New Brunswick

J.D. Irving fails in bid to buy Maine portion of MM&A rail

J.D. Irving Limited has lost its bid to buy some parts of the bankrupt Montreal, Maine and Atlantic Railway.

New York Investment firm submits highest bid for company involved in Lac-Mégantic disaster

J.D. Irving Limited has lost its bid to buy some parts of the bankrupt Montreal, Maine and Atlantic Railway.

MM&A owned the train involved in the Lac-Mégantic, Que., disaster that killed 47 people in July. The runaway train derailed in the town, setting off a series of explosions in cars carrying crude oil that was destined for the Irving Oil refinery in Saint John.

Irving's railway division sent lawyers to a bankruptcy hearing for the railway in Maine yesterday. Irving's Eastern Maine Railway Company partnered with Springfield Terminal Railway Company to bid for the Maine portions of the MM&A rail line.

However, a New York investment firm submitted the highest bid.

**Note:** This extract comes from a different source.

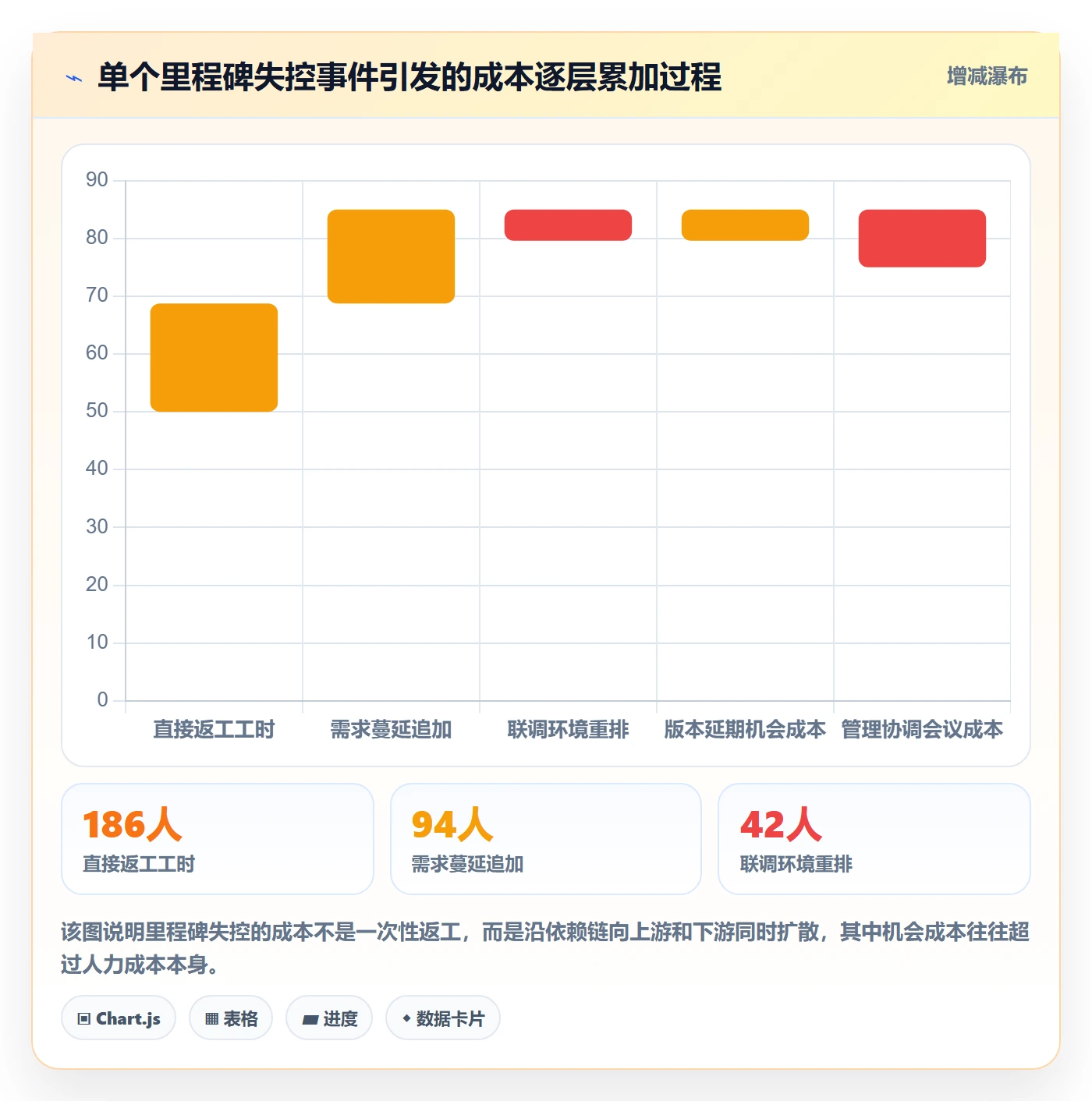 里程碑落地方案：管理层开展项目阶段的风险控制案例解析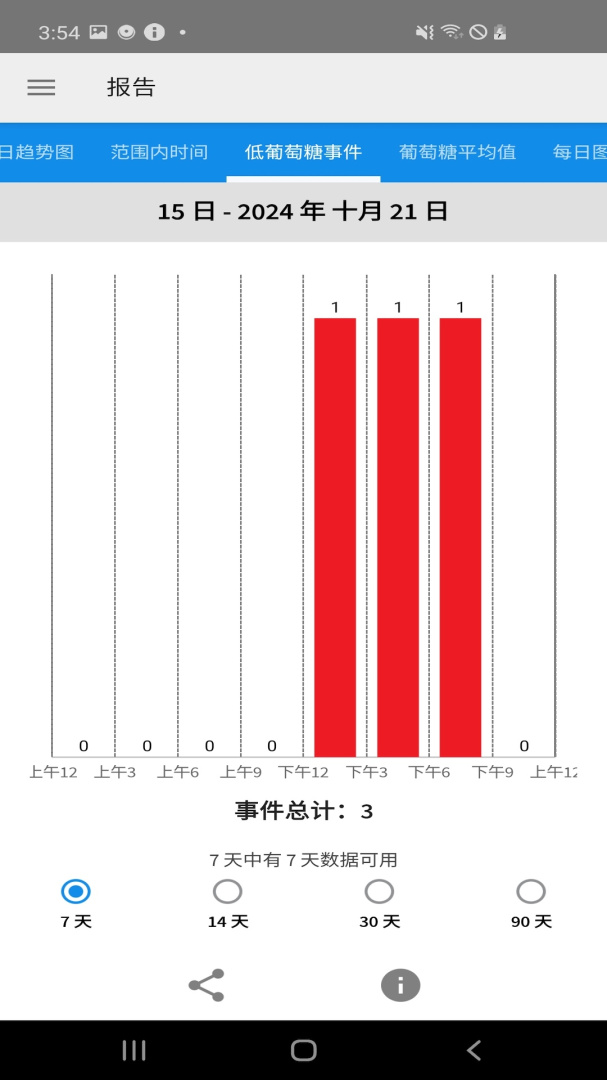 瞬感宝 v2.12.1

"In the end, the trustee went forward with a single buyer of the entire MM&A railway line (Maine, Quebec and Vermont track)," said a statement from Wayne Power, the vice-president of J.D. Irving's transportation division. "We look forward to working with Fortress Investment Group of New York as they assume operation of the MMA railway."

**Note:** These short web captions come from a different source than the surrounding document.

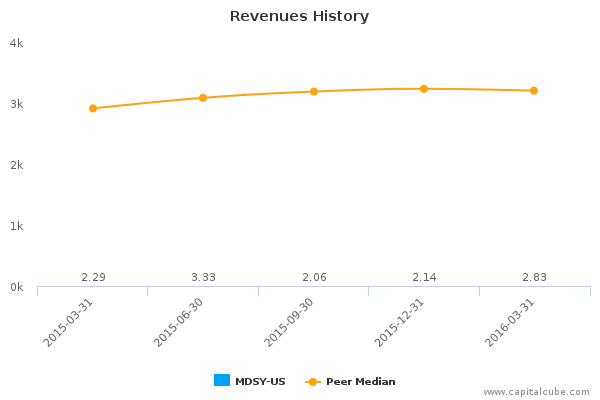 Revenues History Revenues History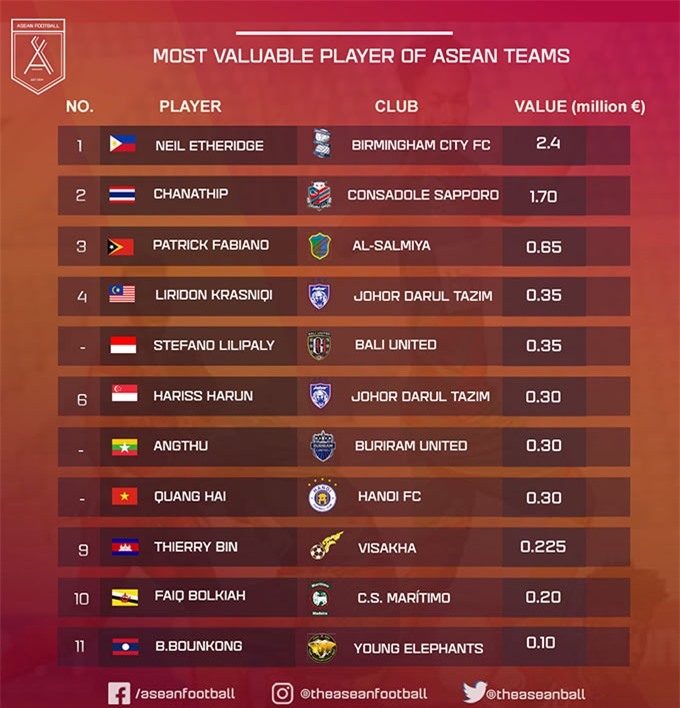 quang hai named among most valuable players of asean teams picture 1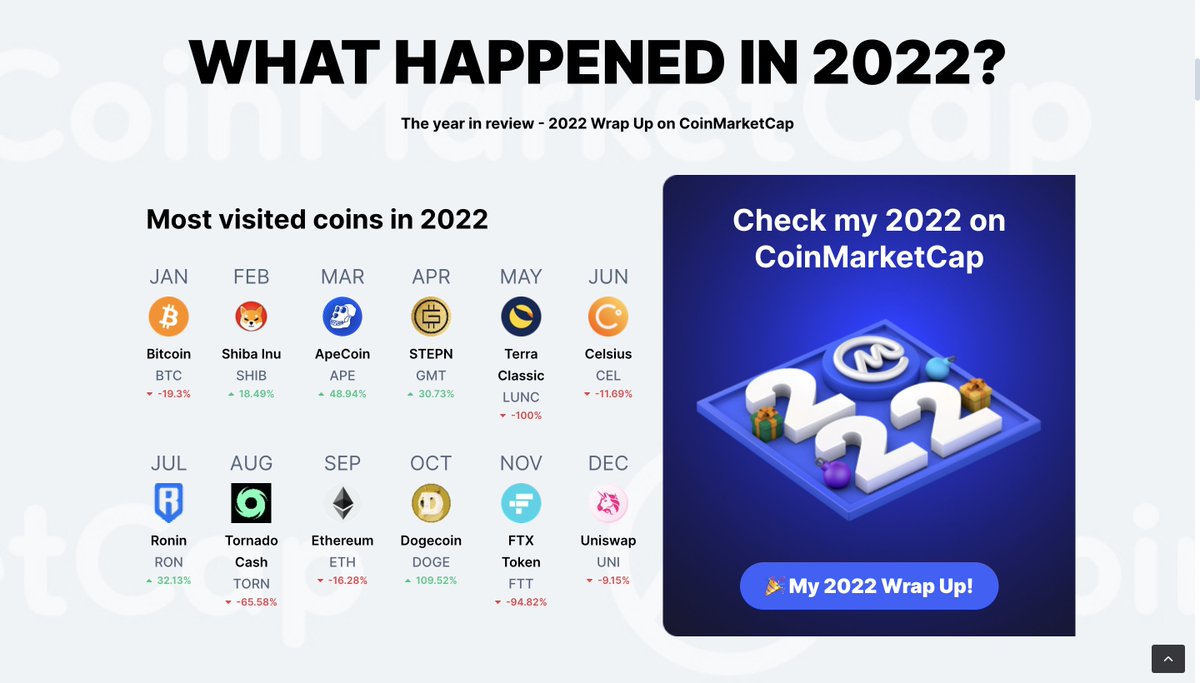Take a look at your #crypto journey on #CoinMarketCap throughout all of 2022.🔥

With just one simple click, check your most-visited token/coin &amp; the amount of time you spend checking their prices on #CMC 😉 

Try it HERE: coinmarketcap.com/events/wrapup2…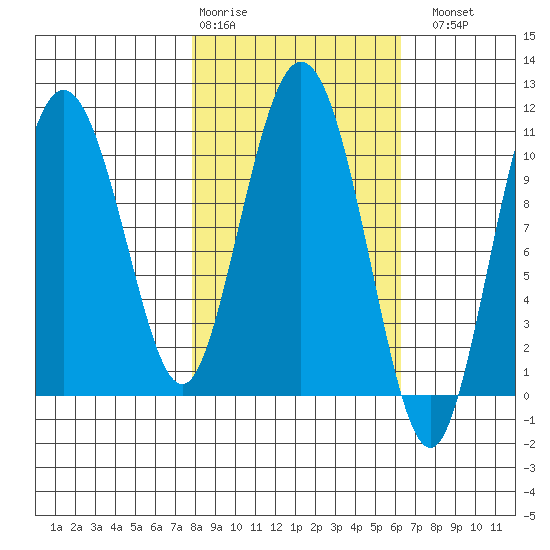 Culross Bay tide chart for Friday, February 28, 2025
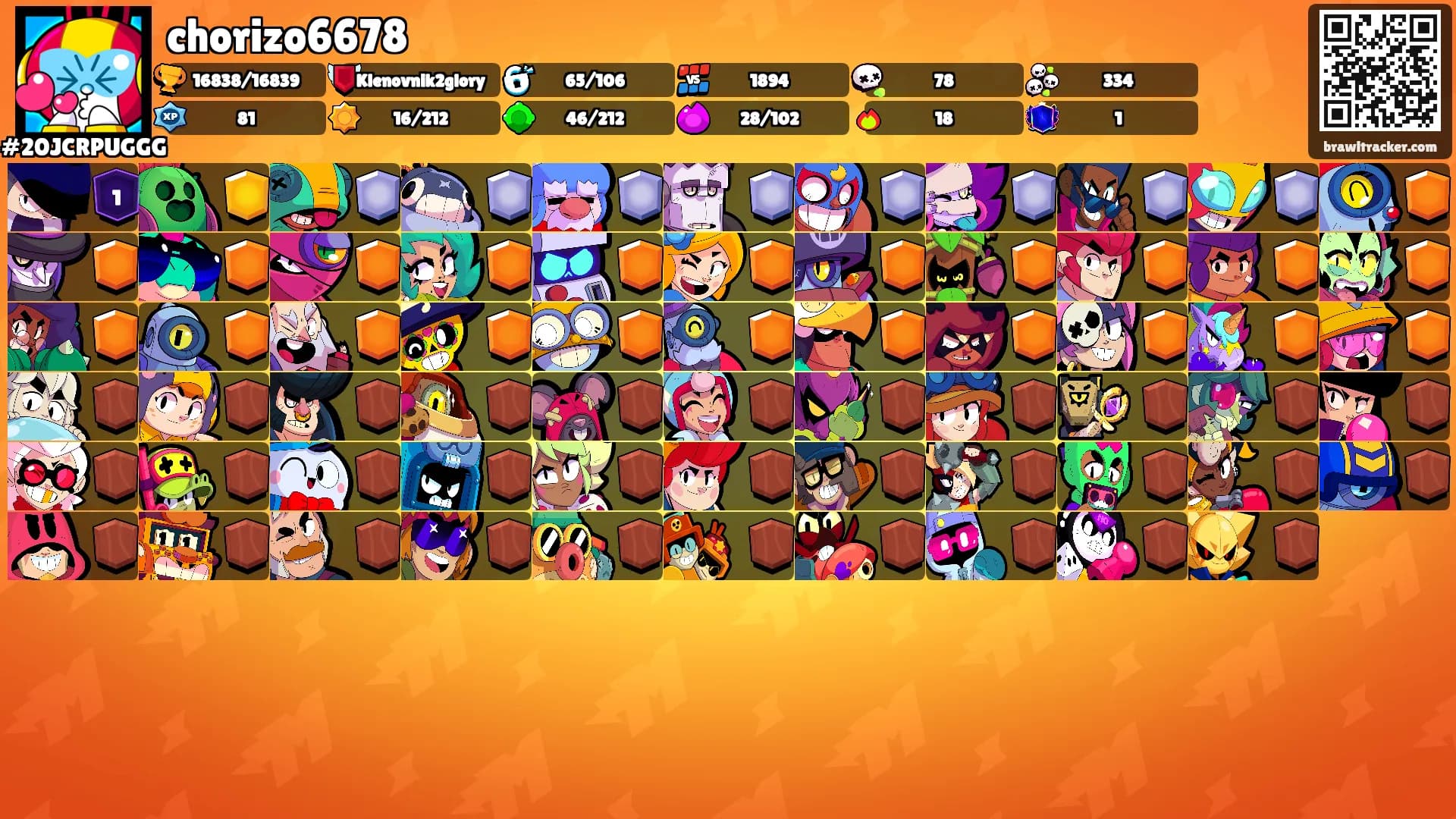 chorizo6678's Ranks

Chop Hardenbergh, the editor of a railway newsletter in the U.S., said it's cheaper to move one rail car through a single line than through several different companies.

"Classically in the railroad world, to have a single line move a rail car is simpler and cheaper than having to run it through two or three different rail lines."

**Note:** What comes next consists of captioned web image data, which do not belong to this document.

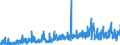 CN 29181600 /Exports /Unit = Prices (Euro/ton) /Partner: France /Reporter: Eur27_2020 /29181600:Gluconic Acid, its Salts and Esters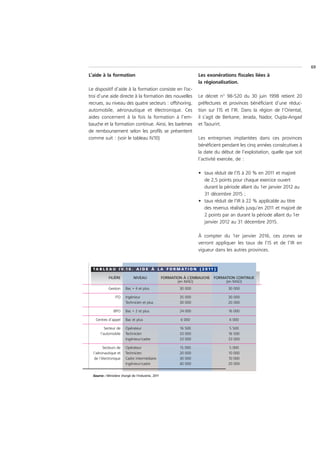69
L’aide à la formation                                               Les exonérations fiscales liées à
                                                                    la régionalisation.
Le dispositif d’aide à la formation consiste en l’oc-
troi d’une aide directe à la formation des nouvelles                Le décret n° 98-520 du 30 juin 1998 retient 20
recrues, au niveau des quatre secteurs : offshoring,                préfectures et provinces bénéficiant d’une réduc-
automobile, aéronautique et électronique. Ces                       tion sur l’IS et l’IR. Dans la région de l’Oriental,
aides concernent à la fois la formation à l’em-                     il s’agit de Berkane, Jerada, Nador, Oujda-Angad
bauche et la formation continue. Ainsi, les barèmes                 et Taourirt.
de remboursement selon les profils se présentent
comme suit : (voir le tableau IV.10)                                Les entreprises implantées dans ces provinces
                                                                    bénéficient pendant les cinq années consécutives à
                                                                    la date du début de l’exploitation, quelle que soit
                                                                    l’activité exercée, de :

                                                                    • taux réduit de l’IS à 20 % en 2011 et majoré
                                                                      de 2,5 points pour chaque exercice ouvert
                                                                      durant la période allant du 1er janvier 2012 au
                                                                      31 décembre 2015 ;
                                                                    • taux réduit de l’IR à 22 % applicable au titre
                                                                      des revenus réalisés jusqu’en 2011 et majoré de
                                                                      2 points par an durant la période allant du 1er
                                                                      janvier 2012 au 31 décembre 2015.

                                                                    À compter du 1er janvier 2016, ces zones se
                                                                    verront appliquer les taux de l’IS et de l’IR en
                                                                    vigueur dans les autres provinces.


  T A B L E A U I V .1 0 . A I D E À L A F O R M A T I O N ( 2 0 11 )

            FILIÈRE           NIVEAU               FORMATION À L’EMBAUCHE   FORMATION CONTINUE
                                                          (en MAD)               (en MAD)
            Gestion     Bac + 4 et plus                    30 000                  30 000

                 ITO    Ingénieur                          35 000                  30 000
                        Technicien et plus                 30 000                  20 000

                BPO     Bac + 2 et plus                    24 000                  16 000

   Centres d’appel      Bac et plus                        6 000                   6 000

          Secteur de    Opérateur                          16 500                   5 500
       l’automobile     Technicien                         33 000                  16 500
                        Ingénieur/cadre                    33 000                  33 000

         Secteurs de    Opérateur                          15 000                   5 000
  l’aéronautique et     Technicien                         20 000                  10 000
   de l’électronique    Cadre intermédiaire                30 000                  10 000
                        Ingénieur/cadre                    40 000                  20 000


  Source : Ministère chargé de l'industrie, 2011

The transportation division of JDI also operates the Maine Northern Railway and the New Brunswick Southern Railway, with its three short-line railroads covering 883 kilometres of track.

Hardenbergh says owning MM&A would have extended Irving's rail operations closer to Montreal and lowered its costs.

"Moving the traffic they have been moving from northern Maine into Saint John, they'll have to use another railway to do that — this new railroad. So it means some more expense," said Hardenbergh.

The takeover by the New York investment firm still has to be approved in a court hearing on Thursday.